(Task to carry out): Take the line that contains "Edge Eyewear Blade" and each line after it to the end of the data below, and set them down exactly, omitting pictures.

(Recorded information):
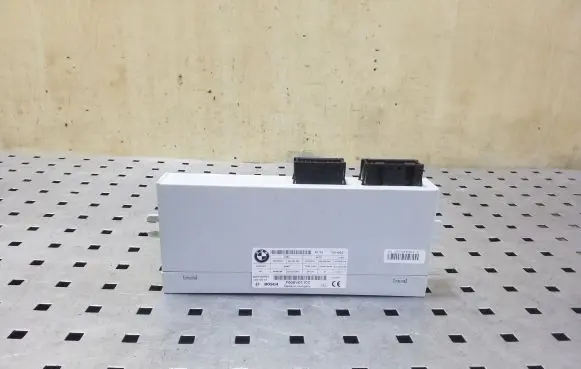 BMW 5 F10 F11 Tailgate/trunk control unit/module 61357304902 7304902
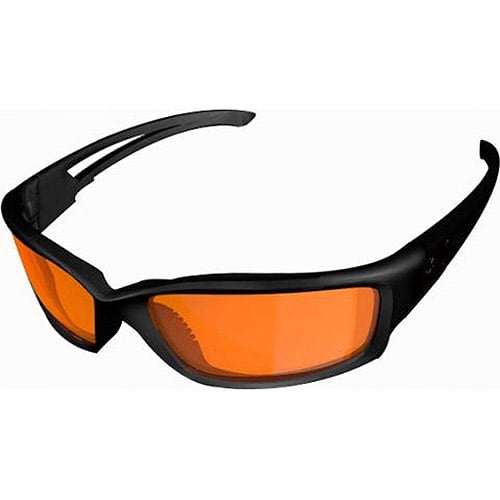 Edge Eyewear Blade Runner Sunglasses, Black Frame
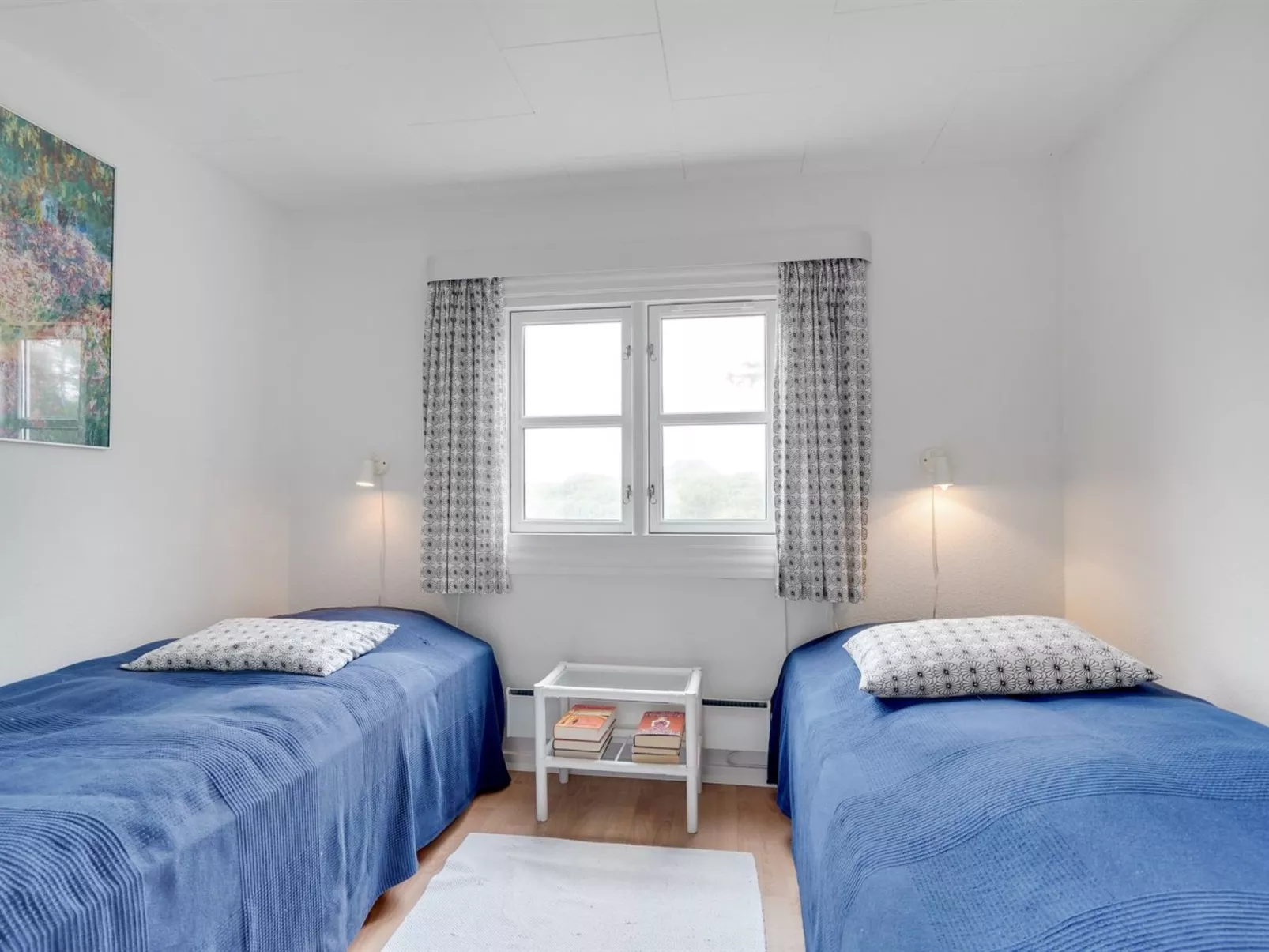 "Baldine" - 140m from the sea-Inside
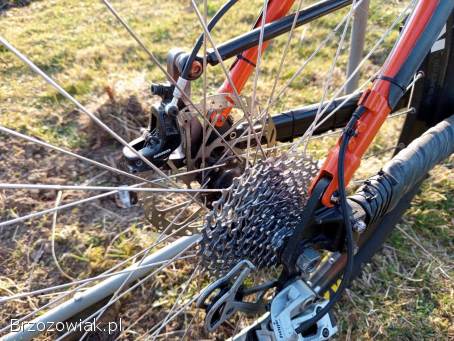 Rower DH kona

(Task solution):
 Edge Eyewear Blade Runner Sunglasses, Black Frame
 "Baldine" - 140m from the sea-Inside
 Rower DH kona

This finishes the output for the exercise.